As governor, Beckham sought to calm the state and unite the Democratic Party.  He avoided references to Goebel’s assassination during his inaugural address.  He intentionally was less progressive than Goebel.  His most progressive proposals were state taxation of out of state corporations operating in Kentucky and sought to regulate insurance companies during the 1906 General Assembly.  It should be noted that Republican Governor Charles Evans Hughes of New York popularized the regulation of insurance companies by the states.  At the same time, Beckham urged the General Assembly to create the office of “State Fire Marshall” in an effort to help lower fire insurance rates in Kentucky.

In February 1904, Beckham County, Kentucky was created in his honor.  The county seat was Olive Hill.  The short-lived 121st county was dissolved in April 1904.

Achievements of Beckham’s administration include the building of the “New State Capitol”, as well as expanding Central University in Richmond to the Eastern Kentucky State Normal School and the Western Kentucky State Normal School at Bowling Green.  (Now known as EKU and WKU respectively)

Among Beckham’s failures was his lack of resolve to deal with bloodshed in Breathitt County which was so bad that no insurance company could be found to sell fire insurance in that county during the first decade of the 20th Century.  In addition to the ongoing violence from Eastern Kentucky feuds, there was the “Black Patch Tobacco Wars” in West Kentucky.
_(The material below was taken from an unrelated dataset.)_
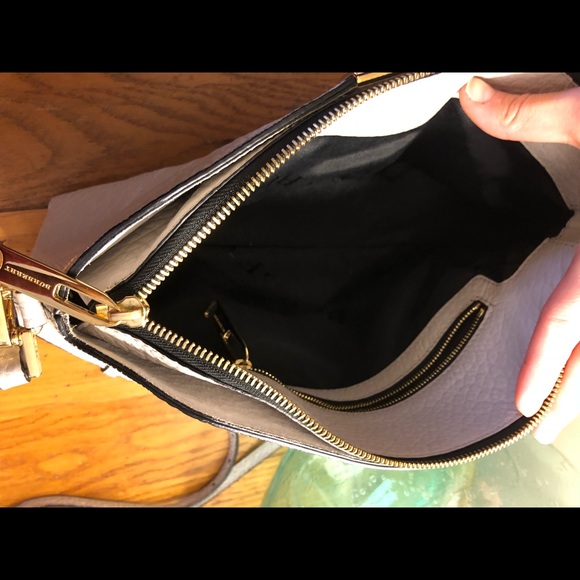 NWOT Burberry off-white/stone leather bag - Picture 6 of 8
Farmers were losing money raising tobacco as there was no competition between buyers of tobacco.  In September 1904, tobacco farmers got together to boycott the sale of tobacco to the American Tobacco Company owned by James Duke the tobacco tycoon.  Farmers were opposed to the way Duke controlled the tobacco market by fixing prices. After a couple of years of boycott, the farmers took matters into their own hands.  As a result, the American Tobacco Company controlled tobacco warehouses and factories and warehouses in Princeton were burned by the farmers' “Night Riders”.

When he left office in 1907, he returned to the practice of law.  In 1914, Beckham became the first popularly elected U.S. Senator from Kentucky.  (U.S. Senators had previously been elected by the General Assembly).  As a member of the Senate's Military Affairs Committee, he was responsible for bringing two Army bases to Kentucky during World War I--Camp Zachery Taylor and Fort Knox.  Camp Zachery Taylor was closed soon after the war, but Fort Knox continues to be an important part of the U.S. Army.

He was defeated by fewer than 5,000 votes in the 1920 elections by Covington resident and Republican Richard P. Ernst.  It is said that his support of prohibition might have cost him the election.  (In 1900, Kentucky was the third largest distiller of alcoholic beverages in the nation.)

Beckham County, Oklahoma which still exists was named in honor of Governor JCW Beckham.

AUGUSTUS E. WILLSON
1846-1931
1907-1911 Term


Maysville native Republican Augustus Willson became the 35th person to serve as Governor of the Commonwealth in the fall of 1911.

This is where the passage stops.